■ **Available records**:
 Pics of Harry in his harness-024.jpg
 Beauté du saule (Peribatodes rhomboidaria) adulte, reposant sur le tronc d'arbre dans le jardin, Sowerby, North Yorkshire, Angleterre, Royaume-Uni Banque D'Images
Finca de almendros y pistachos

* * *

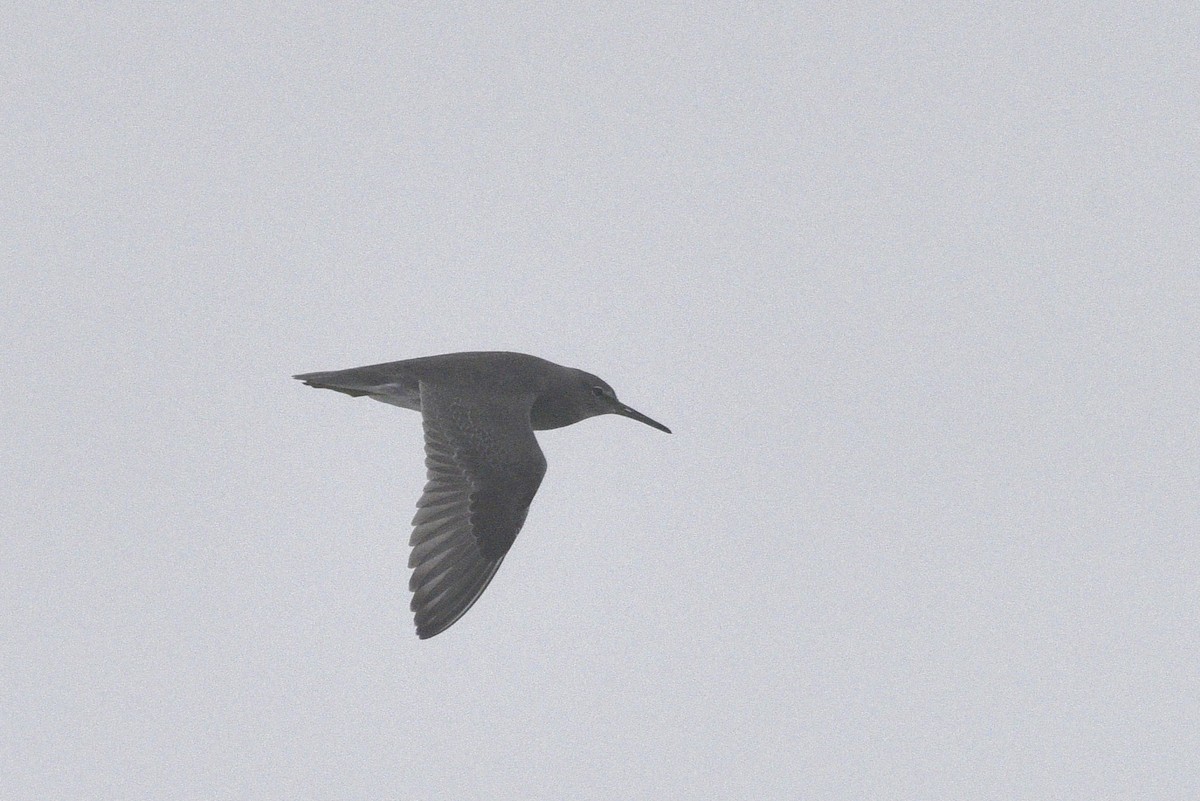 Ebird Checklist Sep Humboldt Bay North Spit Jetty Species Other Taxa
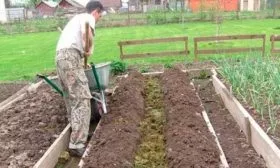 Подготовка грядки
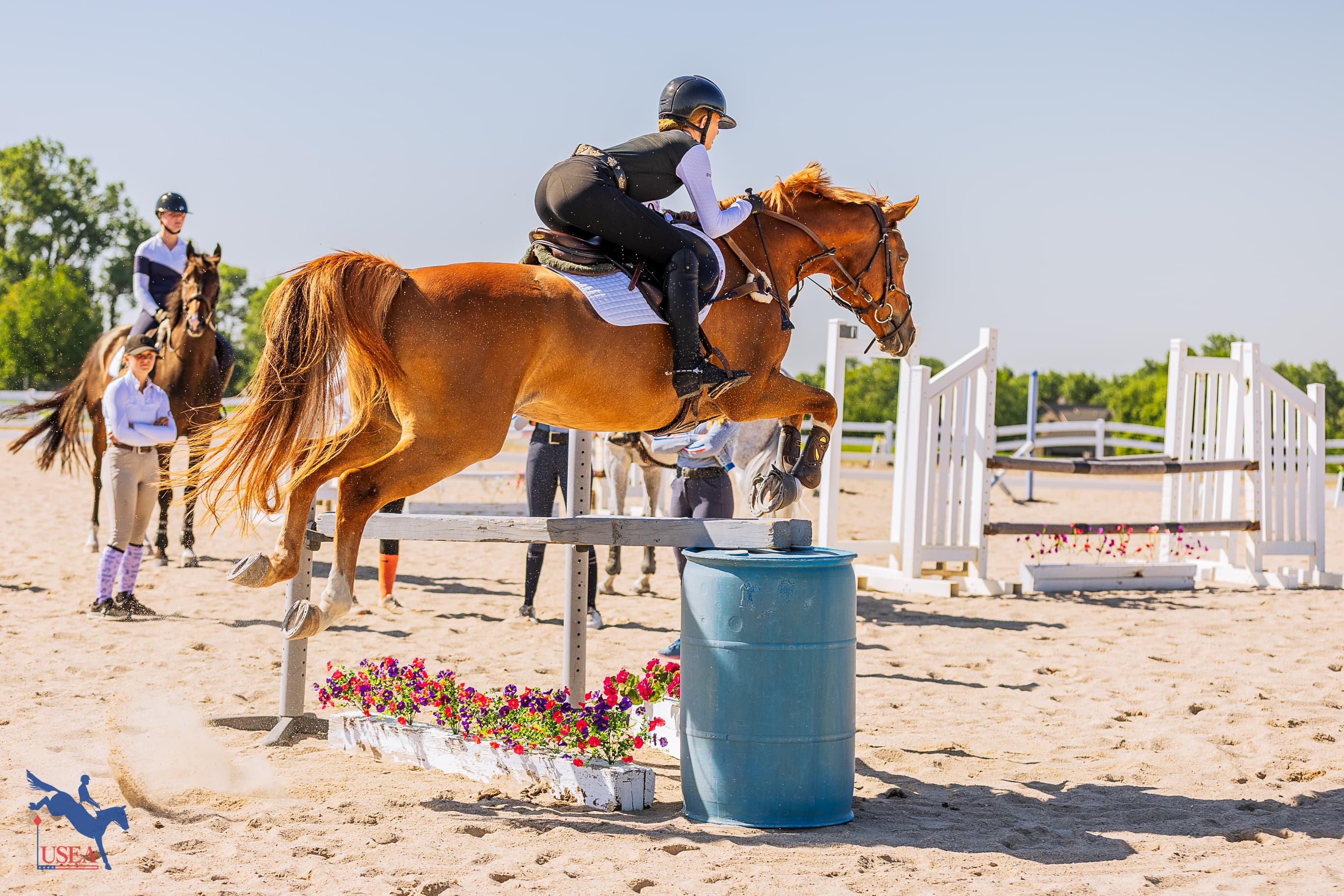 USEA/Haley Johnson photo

■ **Problem to work on**: Using the data above, reproduce exactly the lines between those holding "Pics of Harry in his harness-024.jpg" and "Finca de almendros y pistachos", inclusive, and no others.

■ **Solution to this problem**:
 Pics of Harry in his harness-024.jpg
 Beauté du saule (Peribatodes rhomboidaria) adulte, reposant sur le tronc d'arbre dans le jardin, Sowerby, North Yorkshire, Angleterre, Royaume-Uni Banque D'Images
Finca de almendros y pistachos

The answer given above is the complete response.